Business Combinations. We are subject to the provisions of Section 203 of the DGCL. Subject to certain exceptions, Section 203 prohibits a publicly held Delaware corporation from engaging in a business combination with an interested stockholder for a period of three years after the person becomes an interested stockholder, unless the interested stockholder attained such status with the approval of FreightCar’s board of directors or the business combination is approved in a prescribed manner. A business combination includes, among other things, a merger or consolidation involving FreightCar and the interested stockholder and the sale of more than 10% of FreightCar’s assets. In general, an interested stockholder is an entity or person beneficially owning 15% or more of FreightCar’s outstanding voting stock and any entity or person affiliated with or controlling or controlled by such entity or person.

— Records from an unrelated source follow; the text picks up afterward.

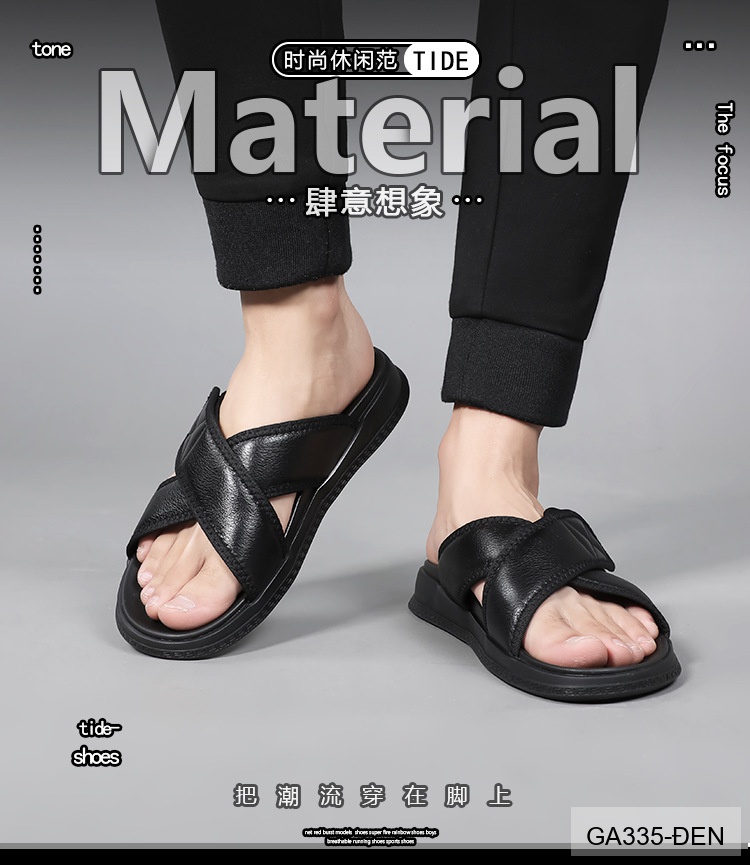 GA335 - Dép lê nam da bò kiểu Hàn màu đen đế cao su êm chân_thumbnail_14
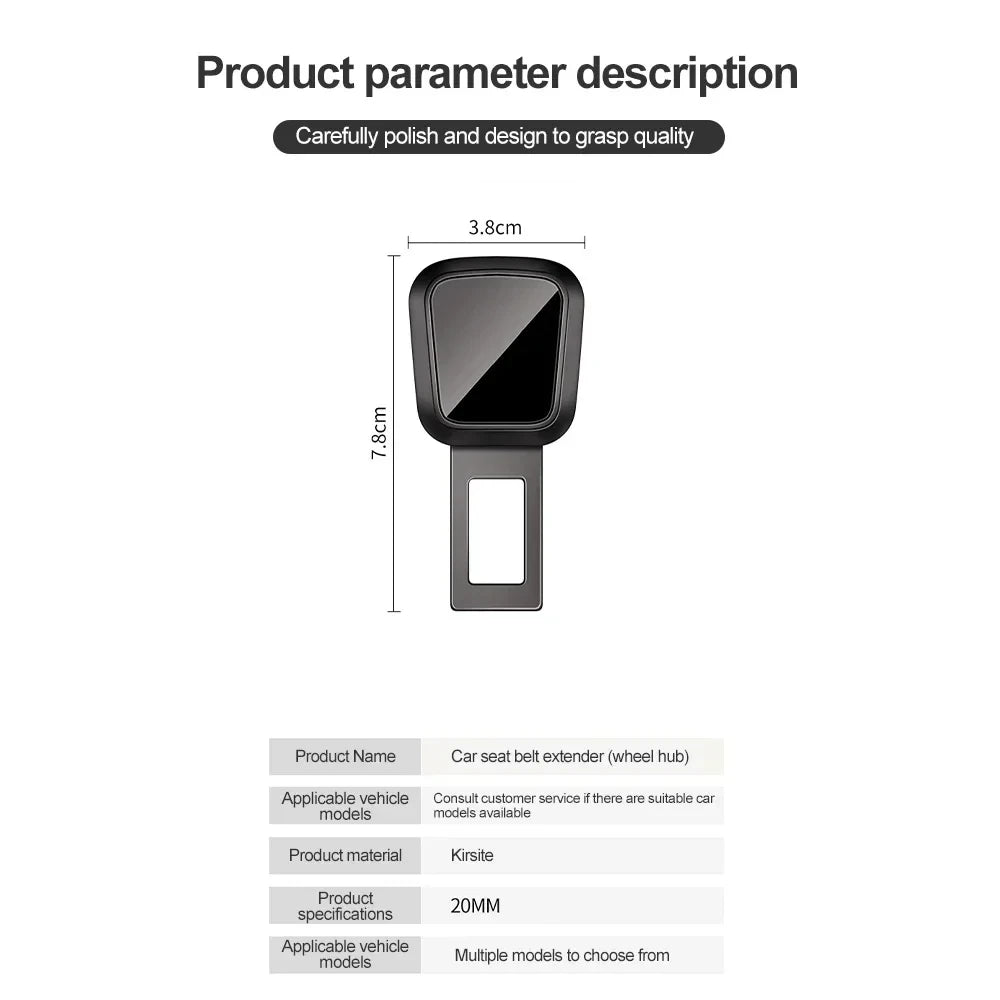 Seat belt extender dimension diagram showing 3.8 cm width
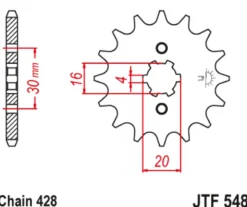 JT Zębatka Przednia JTF548 rozmiar 428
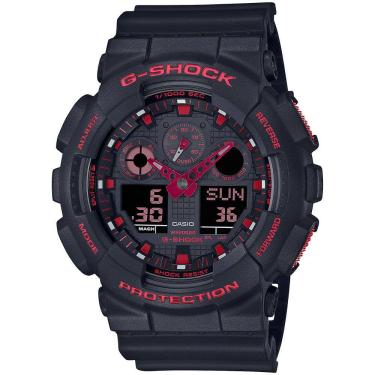 Imagem de Relógio CASIO G-SHOCK masculino anadigi red GA-100BNR-1ADR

Elimination of Liability in Certain Circumstances
Our charter eliminates the liability of our directors to us or our stockholders for monetary damages resulting from breaches of their fiduciary duties as directors. Directors remain liable for breaches of their duty of loyalty to us or our stockholders, as well as for acts or omissions not in good faith or that involve intentional misconduct or a knowing violation of law, and transactions from which a director derives improper personal benefit. Our charter does not absolve directors of liability for payment of dividends or stock purchases or redemptions by us in violation of Section 174 (or any successor provision) of the DGCL.
The effect of this provision is to eliminate the personal liability of directors for monetary damages for actions involving a breach of their fiduciary duty of care, including any such actions involving gross negligence. We do not believe that this provision eliminates the liability of our directors to us or our stockholders for monetary damages under the federal securities laws. The charter and bylaws also provide indemnification for the benefit of our directors and officers to the fullest extent permitted by the DGCL as it may be amended from time to time, including most circumstances under which indemnification otherwise would be discretionary.
Transfer Agent and Registrar
The transfer agent and registrar for our common stock is Computershare Trust Company, N.A.